Cegos são capazes de pintar, atuar, sentir. Esse aprendizado, inclusive, influencia e auxilia em um melhor desenvolvimento cognitivo do cego – ainda mais quando a atividade artística é posta em sua condição de importante agente transformador e de inclusão social.
Por de trás de óculos escuros, Ênio me explica que a ideia comum da sociedade em relação à arte está muito ligada à visão.
Chego a esquecer que ele não pode me ver, enquanto fala, didaticamente, como se olhasse em meus olhos, que é vital perceber que pessoas cegas podem e devem participar de atividades artísticas – cegos são capazes de pintar, atuar, sentir.
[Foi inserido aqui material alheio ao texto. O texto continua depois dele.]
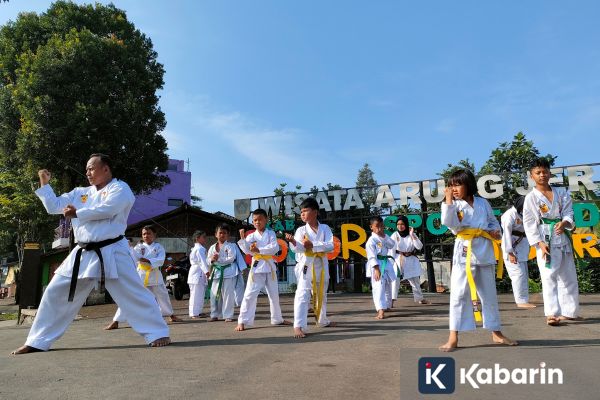 Bangun kebiasaan sehat sejak muda agar tulang tetap kuat di masa dewasa
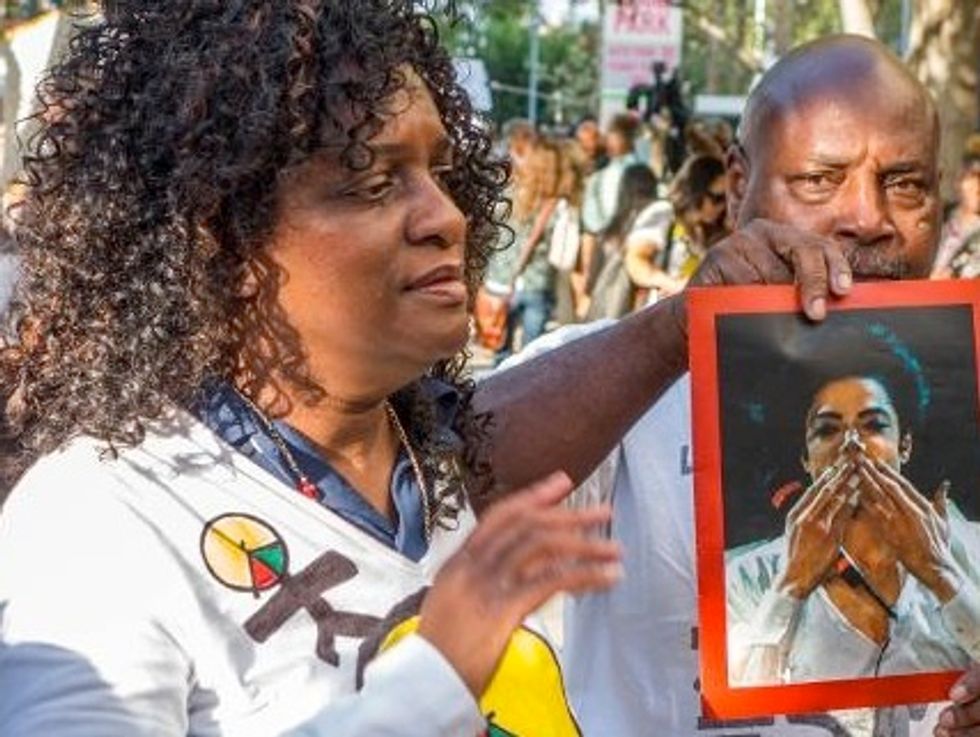 Jury Finds Michael Jackson Promoter Not Liable For Death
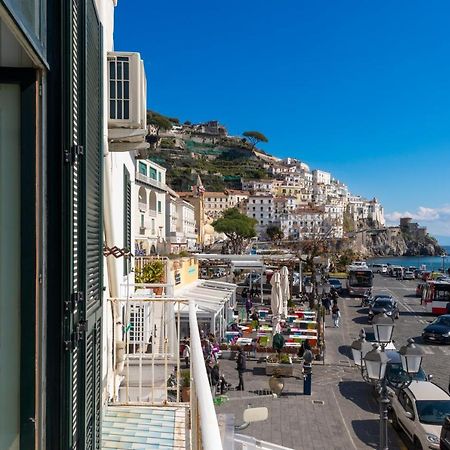 Apartmán Lu Penniell Amalfi Exteriér fotografie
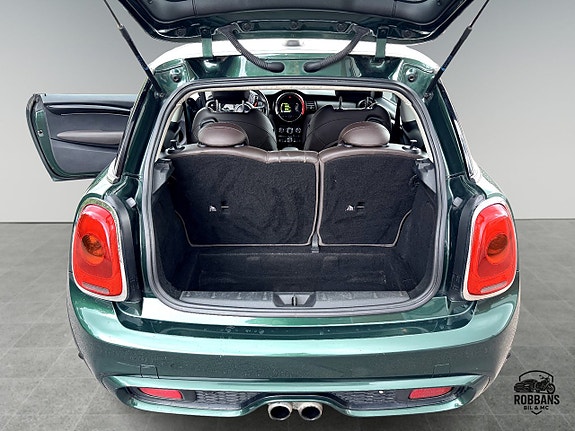 MINI Cooper S 10 of 17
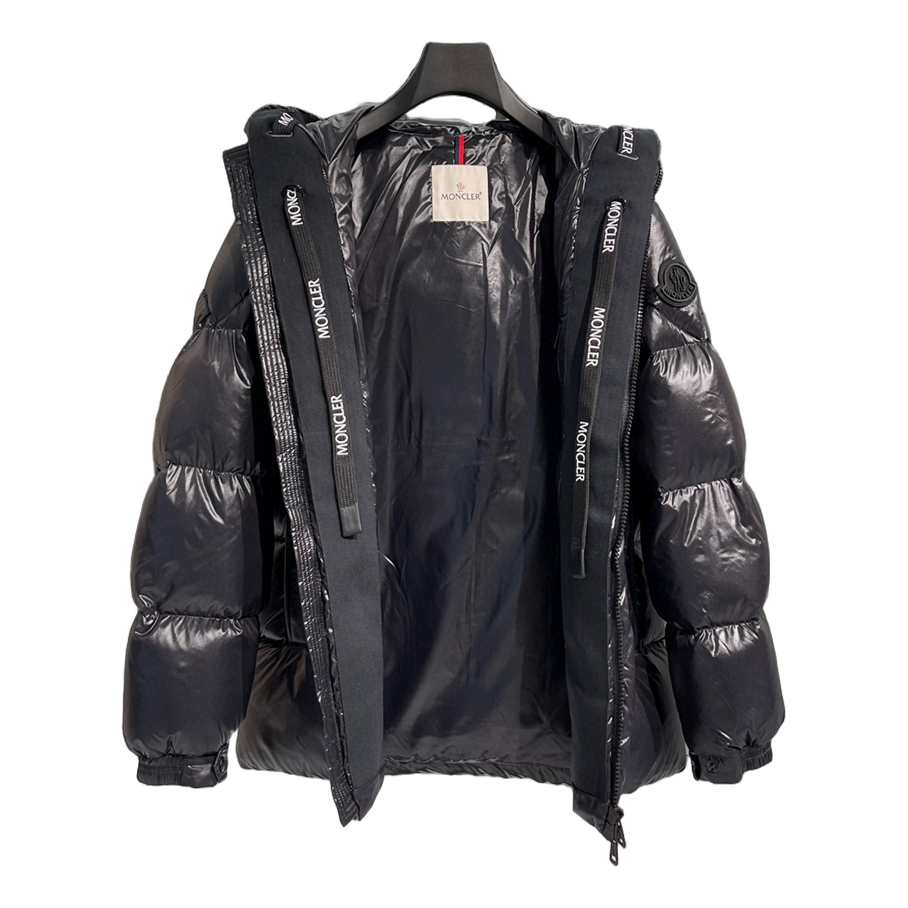 Moncler Dougnac Hooded Puffer Jacket – Premium Down, Understated Authority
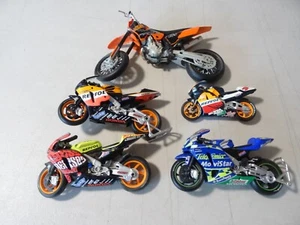LOT OF 5 NEWRAY & Maisto 1:18 Scale Diecast HONDA Moto motorcycle #6 - Picture 1 of 8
Esse aprendizado, inclusive, influencia e auxilia em um melhor desenvolvimento cognitivo do cego – especialmente quando a atividade artística é posta em sua condição de importante agente transformador e de inclusão social.
Um museu deve, portanto, garantir as condições necessárias para que qualquer pessoa, cega ou não, possa criar uma ponte entre si mesma e uma obra artística.
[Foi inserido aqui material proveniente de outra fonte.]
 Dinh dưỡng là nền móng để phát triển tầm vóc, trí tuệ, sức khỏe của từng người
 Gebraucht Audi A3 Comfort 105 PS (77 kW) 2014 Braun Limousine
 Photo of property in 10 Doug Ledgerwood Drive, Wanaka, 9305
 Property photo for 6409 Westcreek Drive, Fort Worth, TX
No entanto, essa experiência estética, como proposta nos moldes de Kant, é de fato muito mais difícil para pessoas cegas sem o auxílio de terceiros ou de órgãos responsáveis por uma devida acessibilidade.
Mesmo diante do obstáculo visual, Ênio e Idamaris ressaltam, porém, que as pessoas confundem: não enxergar é diferente de não poder compreender. A fala, a atenção e a dedicação podem quebrar barreiras.
Ênio, por um momento, pediu minha mão. Virou minha palma para cima e dançou seu dedo indicador nela: “Nós brincamos no interior: essa ponta tá bebendo aqui e depois tá bebendo lá. Isso é um arco. E nesse arco tem várias tonalidades de cores.
Amanhã, se me perguntarem se conheço um arco-íris, vou dizer que sim, que ele é verdinho, amarelo, vermelho… E aí podem dizer: ué, mas você não é cego? E eu responderei que sim, sou, mas eu compreendo”.
O entendimento do que são as coisas, assim como do que é arte, não está limitado à visão. As esculturas, a paisagem sonora de um espaço, os relevos de uma obra, a sua história e a própria pintura manual abrangem campos das denominadas artes visuais que muitas vezes são esquecidos pelas pessoas, estreitadas na ilusão de que não ver significa não sentir.
Saliento que a arte, para aqueles que não lhe dão devida atenção, está limitada ao que se vê. O entendimento, a experiência estética e o sentimento proporcionado por uma obra têm a capacidade de permear, por toda a nossa vida, muito além disso.